Sorry but it is a worthy subject. 

There are many things that struck me that day - my mother calling me because she knew my husband was out of the country and was worried he was on a plane, my first viewing on the tv when I fell to my knees (sounds dramatic but that's how hard it struck me), being worried sick all day for my husband's cousins who worked in and around the Twin Towers (all got out safely but a friend of my husband's from high school's pregnant sister-in-law did not) and one school memory.

My younger son was going to Whittier and I woke him up to trying to explain what happened and why it might change his day at school.  I didn't show him the footage.  Our principal at the time was Greg Imel, now at Bailey-Gatzert, who is one of our best principals.  I got my son to school and noticed the flag was not a half-mast.  I saw my son off and went to Greg and demanded he put the flag at half-mast.  He said he hadn't hear from Central.  I was not happy and told him he shouldn't wait. 

Greg is a very calm guy and he just looked at me and said, "It's going to be okay."  And he was right.  Putting the flag at half-mast wasn't going to change anything.  I just wanted to do something because I felt helpless.   So I went home and baked a cake and took it to my nearest fire station.  You do what you can.

I was listening to the radio a few days ago and there was a story about how the students in high school now were just 4, 5, 6 when this happened and how were teachers going to teach about it. 

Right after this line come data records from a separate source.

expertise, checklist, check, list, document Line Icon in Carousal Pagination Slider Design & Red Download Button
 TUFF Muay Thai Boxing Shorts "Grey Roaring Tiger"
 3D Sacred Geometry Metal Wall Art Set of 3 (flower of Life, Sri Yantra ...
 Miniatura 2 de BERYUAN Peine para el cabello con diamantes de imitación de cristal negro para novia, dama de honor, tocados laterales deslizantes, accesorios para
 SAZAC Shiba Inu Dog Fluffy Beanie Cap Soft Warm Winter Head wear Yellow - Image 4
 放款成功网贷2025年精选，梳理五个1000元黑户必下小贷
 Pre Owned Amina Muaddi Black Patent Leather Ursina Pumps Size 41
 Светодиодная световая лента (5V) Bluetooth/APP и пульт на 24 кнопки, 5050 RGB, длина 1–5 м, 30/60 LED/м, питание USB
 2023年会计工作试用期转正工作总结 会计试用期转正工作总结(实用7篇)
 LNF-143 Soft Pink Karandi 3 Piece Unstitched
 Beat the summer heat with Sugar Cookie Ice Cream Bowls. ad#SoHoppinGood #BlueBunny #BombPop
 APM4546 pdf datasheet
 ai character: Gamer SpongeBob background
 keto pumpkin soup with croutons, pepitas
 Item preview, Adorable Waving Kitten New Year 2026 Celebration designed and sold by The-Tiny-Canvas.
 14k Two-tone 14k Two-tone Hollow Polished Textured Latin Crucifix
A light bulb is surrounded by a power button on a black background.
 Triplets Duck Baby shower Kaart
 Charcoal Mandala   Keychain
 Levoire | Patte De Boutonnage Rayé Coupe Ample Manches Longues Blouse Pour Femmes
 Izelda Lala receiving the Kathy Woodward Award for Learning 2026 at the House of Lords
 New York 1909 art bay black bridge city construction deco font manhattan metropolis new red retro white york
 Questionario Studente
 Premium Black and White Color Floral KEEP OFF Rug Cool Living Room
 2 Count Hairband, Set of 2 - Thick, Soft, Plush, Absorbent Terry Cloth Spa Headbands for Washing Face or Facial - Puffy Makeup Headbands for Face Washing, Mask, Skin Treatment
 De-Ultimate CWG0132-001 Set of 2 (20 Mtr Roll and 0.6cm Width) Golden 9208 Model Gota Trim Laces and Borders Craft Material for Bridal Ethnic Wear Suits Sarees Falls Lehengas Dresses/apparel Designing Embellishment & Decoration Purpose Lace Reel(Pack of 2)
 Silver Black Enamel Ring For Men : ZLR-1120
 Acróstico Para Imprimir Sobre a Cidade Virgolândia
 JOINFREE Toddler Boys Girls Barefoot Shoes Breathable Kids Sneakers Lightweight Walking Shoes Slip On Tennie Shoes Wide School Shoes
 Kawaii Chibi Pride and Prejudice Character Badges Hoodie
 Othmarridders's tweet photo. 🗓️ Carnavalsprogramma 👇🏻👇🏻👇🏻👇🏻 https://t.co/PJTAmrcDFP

Apparently, it some states, they just don't even try (mostly because they are worried about religion coming into the discussion and having arguments).  I think avoiding the subject is wrong.  My son told me he felt like US history in high school ended at WWII mostly because they don't know how to discuss the Korean War, Vietnam, and the Gulf wars and now 9/11. 

Over at the Stranger Slog, there was some discussion and one comment was, "Again? How long do we keep bringing this up?"  Kind of took my breath away because it's almost like saying why talk about Pearl Harbor?  Whether we like it or not, these events fundamentally changed how we act and go about our business in this country.  

It's our history and we better figure out what we tell the children. 


Sahila said…
perhaps the reason most things post WW2 are not mentioned in schools is that its hard to explain the ethics and values and implementation of American foreign policy over the years...

I dont know if history teachers would be comfortable with explaining, for example, that there is evidence to suggest that both the US and England knew that the Japanese were going to bomb Pearl Harbour and let it happen anyway, as it was the only way to get isolationist America into the war (and thus out of the Depression)...

And here's another perspective that I guess would be controversial to teach:

9/11: Does Evil Exist?
seattle citizen said…
How can we NOT bring it up?
...Growing up in the suburbs of that great city, I became educated on its streets (not so much in my suburban school) about its diversity of people, of ways of living, of art, of business...
I moved west at seventeen in search of bigger skies, perhaps, but as I saw the rest of the world my appreciation of New York City grew and grew: How COULD this towering metropolis, with its galleries and ghettoes, its Park Avenue apartments and walk-up tenements, with its bankers, buskers and broke, its Italians, Polish, Irish, Hasidim, Puerto Rican, Catholic, Muslim, Scottish...How could this city continue? Why does it still live, I've asked myself for decades. It's impossible: It must surely tumble into the harbor, slide off the rock and sink under its own density, industry, its sheer biomass of diverse and divergent and delighted people clammoring about their daily lives in the Five Burroughs.

Twenty five years I wondered about that, about the miracle of New York's continued existence. Then came a day when I was shown the answer. Then came September 11th, 2011, and I saw film on TV of people dusty, dazed...some dying or dead, rest their souls...people all over that city regrouping, within hours pulling things back together, finding the missing, mourning the lost, sweeping the rubble out of the streets.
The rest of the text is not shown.